St. Michael ChurchAccessible

Pueblo, Colorado

St. Michael Church

Founded 1903

Diocese: Diocese of the West

Deanery: Missionary District

Address

801 W Summit Ave
Pueblo, Colorado 81004

Email:

Website: orthodoxpueblo.org

Parish Contacts

Rector
719-545-4148

Directions

From I-25
Take exit 97b, Abriendo Ave.  You will be heading west.  Turn left (south) at the first stop light onto Washington.  After about 5 blocks Washington ends. The street curves to the right, and you are now on Summit.  The Church is on the right hand side as soon as you turn the corner.

Schedule of Services

5:30 PM Great Vespers.
Saturday Evening

9:10 AM Hours and Divine Liturgy followed by Coffee Fellowship.
Sunday Morning

5:30 PM Great Vespers.
Eves of Great Feasts

8:30 AM Hours and Divine Liturgy.
Mornings of Great Feasts

5:15 PM Liturgy of the Presanctified Gifts followed by Lenten potluck.
Wednesday Evenings in Great Lent

Confessions are heard after Great Vespers or by appointment.
Confessions

Please visit the parish website to view our bulletin and complete schedule of services.

Parish Background

Uniates from modern day Slovakia organized the Greek Catholic Church of St. Michael in 1900-1901.  After the death of their initial priest, and encouraged by ongoing discrimination from the local Roman Catholic hierarch, the Pueblo Uniates petitioned Bishop TIKHON of San Francisco (Saint Tikhon) to receive them into Orthodox Church in 1903.  Saint Michael’s received its first, full-time pastor, Rev. Vladimir Kalneff, in 1905.  That year also witnessed a visit from Bishop TIKHON, who was jubilantly received by Pueblo’s Russians, Serbs, Greeks and Bulgarians.  It was at that time that the Pueblo Greeks received a blessing from Bishop TIKHON to construct their own church, dedicated to St. John the Baptist, which is located two blocks from St. Michael’s.

A massive flood of the Arkansas River destroyed the original St. Michael’s Church in 1921.  Many of the parishioners who lived nearby salvaged only their children and moved empty-handed to higher ground on the south side of town.  The priest at that time, Rev. Theodore Grishan, contacted the Colorado Fuel & Iron Corporation, employer of most of his parishioners, seeking help.  The CF&I generously sold the parish a new building site on higher ground for one dollar, and had architectural plans drawn up for a new temple.  The Rockefeller Foundation gave a grant for the construction of the new church, which was completed in 1925.  Bishop THEOPHILUS of Chicago consecrated the new temple on September 15, 1929.  As a result of the growing Serbian demographic, it was then re-named “Serbian-Russian St. Archangel Michael Orthodox Church.”

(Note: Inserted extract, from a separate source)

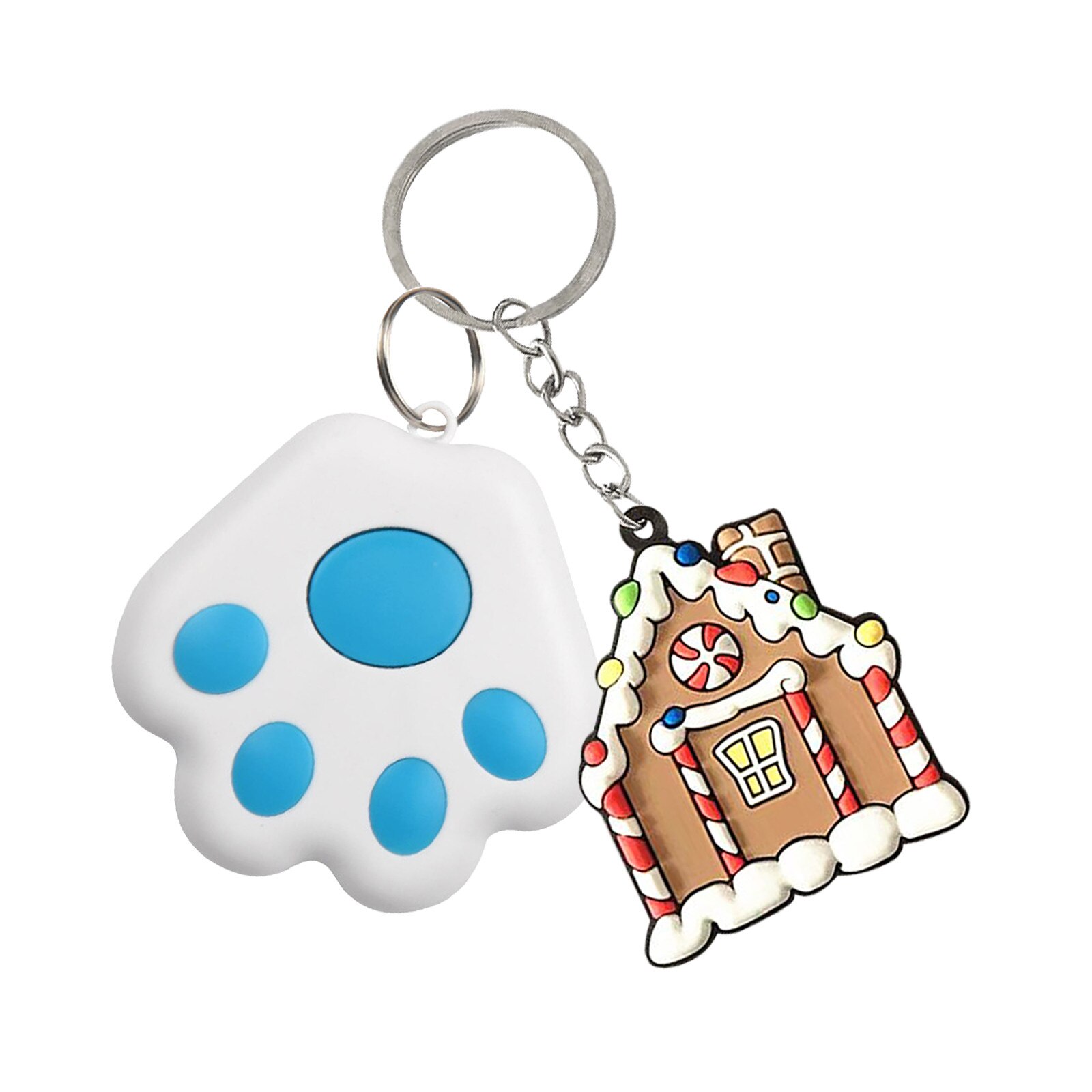 Tracker Anti-Verloren Alarm Mini Draadloze Bluetooth Tracker Kerst Huis Sleutelhanger Auto Kind Oudere Tas Portemonnee Key Finder Locator: Light blue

After 27 years as pastor of the parish, Rev. Theodore Grishan reposed in 1946.  His successor, Rev. Peter Pripisnoff, served St. Michael’s for a further 20 years.  Reverend John Chupeck became pastor in 1966 and it was under his tenure that English was introduced into divine services.  By Pascha of 1967, the entire Divine Liturgy was being sung in the vernacular.  After much deliberation, the Revised Julian calendar was adopted in 1968.

Today, Saint Michael’s is a small but growing community of people from all walks of life who are united in a common struggle to maintain the Apostolic faith in a secular and sectarian society.  There are third generation Slavic Americans as well as American converts and recent immigrants.  An average Sunday finds some 40-50 worshippers praying in our beautiful temple.  Please join us.  You would be most welcome.